Bientôt les prisonniers anglais voient apparaître sur le pont et s’avancer vers eux, en compagnie d’un groupe de jeunes officiers, le véritable chef du paquebot « militarisé. » Le commandant von Oppel est un homme d’environ cinquante-cinq ans, haut et maigre, avec des yeux d’un bleu pâle, un nez d’oiseau de proie, un menton nettement découpé, et une longue moustache vernie aux pointes hardiment relevées. « Flanqué de ses satellites, il marcha jusqu’au rebord du pont d’un pas vif et régulier, comme un automate mû par un ressort, puis tourna comme sur un pivot, et promena sur nous son regard de métal. » En vain les infortunés fugitifs de Samoa se risquent timidement à alléguer, eux aussi, leur prétendue nationalité américaine : le commandant von Oppel les menace simplement de leur appliquer l’article du code militaire prussien qui punit de mort ce genre de mensonges.

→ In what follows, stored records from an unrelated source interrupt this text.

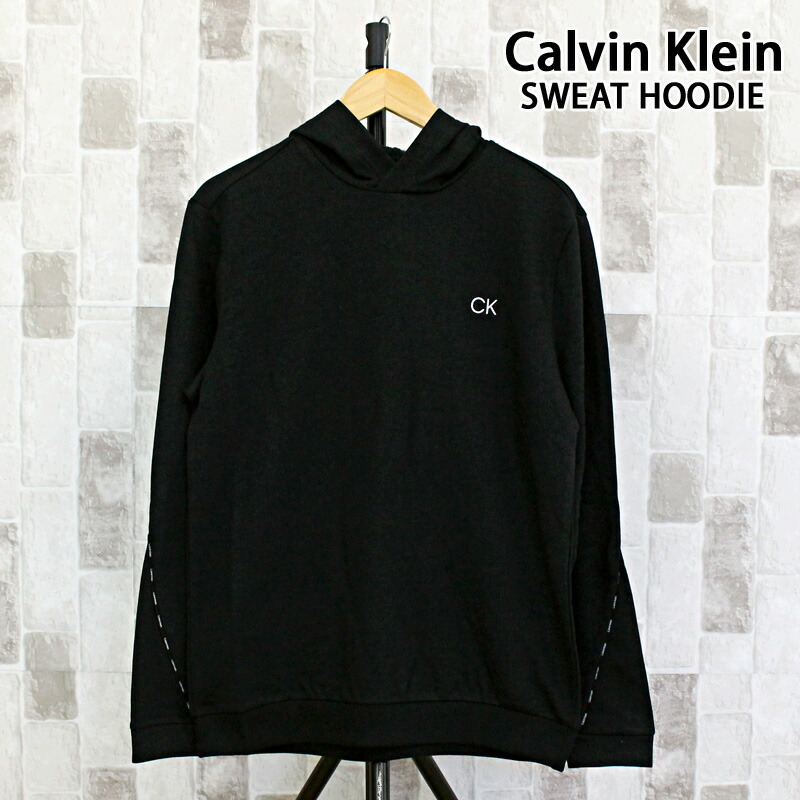 カルバンクライン パーカー プルオーバー   MONOLOGO FLEECE HOODIE スウェット フーディ 大きいサイズ 40BM800 楽天市場】Calvin Klein カルバンクライン パーカー プルオーバー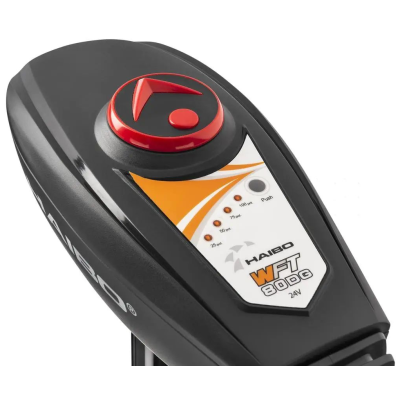 Электромотор Haibo WFT 54DG 54lbs 12V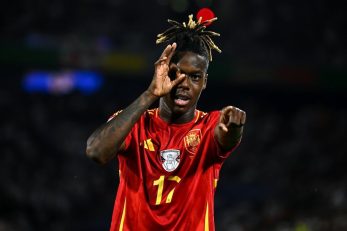 نیکو ویلیامز برای حضور در بارسلونا به توافق نهایی رسید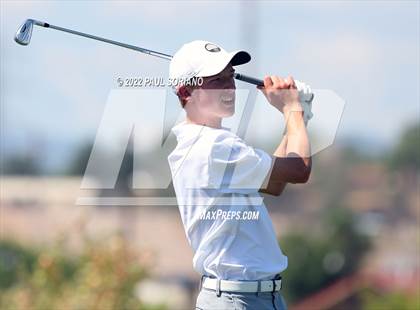 Thumbnail 3 in Continental League at Broken Tee photogallery.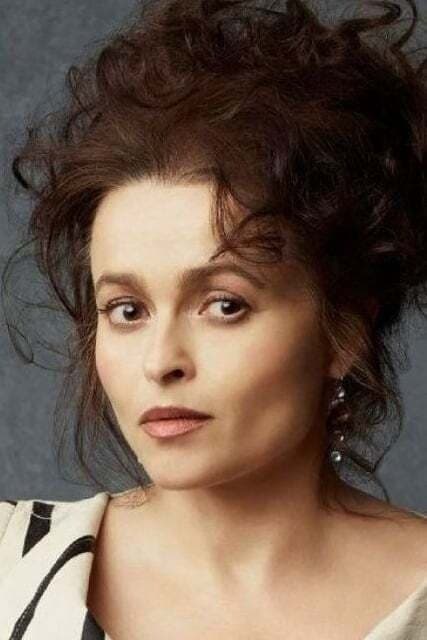 Helena Bonham Carter Profile Photo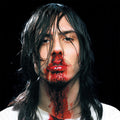 the album cover for Andrew W.K. - I Get Wet [LP]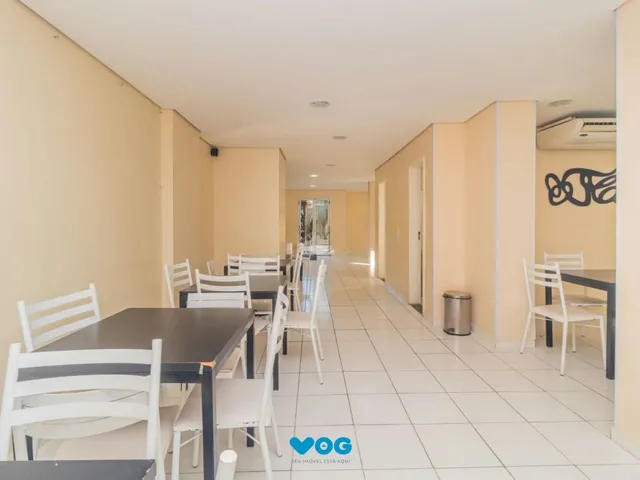 Imagem 2: Apartamento 2 Dorm com Suíte no Boulevard das Palmeiras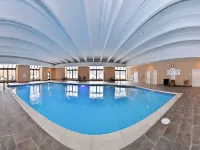 Holiday Inn NEW LONDON - MYSTIC AREA by IHG Hotels in New London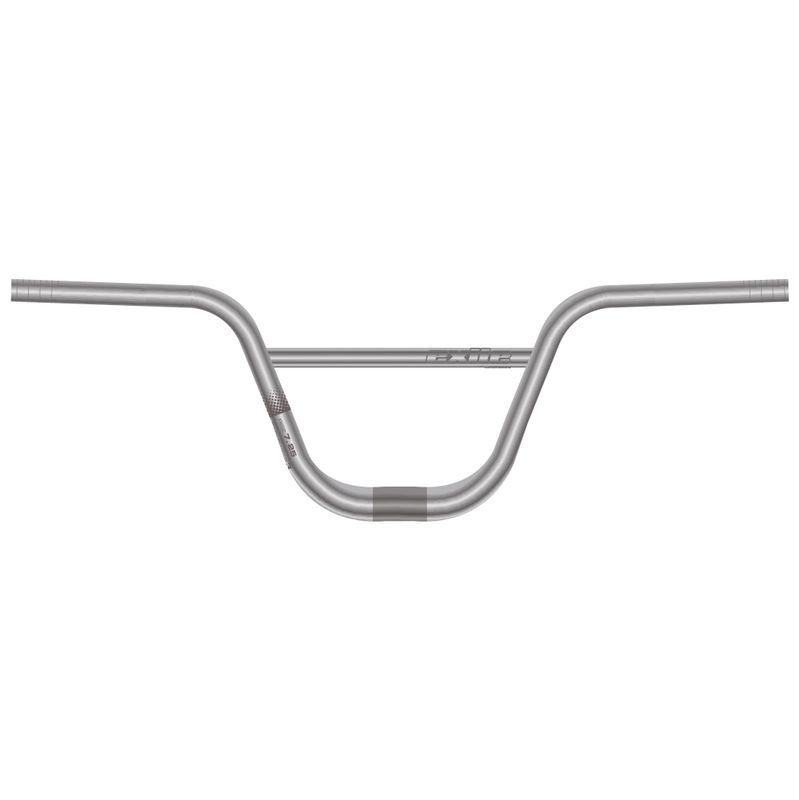Exile Titanium Racing bar 31.8 – Tripple butted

— Sachez, leur dit-il, que nous n’ignorons rien de ce qui vous concerne ! Les moindres détails de votre existence à Samoa et de votre fuite d’hier me sont connus. Je pourrais vous faire tous fusiller, si cela me plaisait ; et croyez bien que, si je vous épargne la vie pour l’instant, c’est uniquement parce que vous êtes des gaillards solides, et que l’Allemagne a de l’ouvrage en réserve pour des hommes de votre sorte !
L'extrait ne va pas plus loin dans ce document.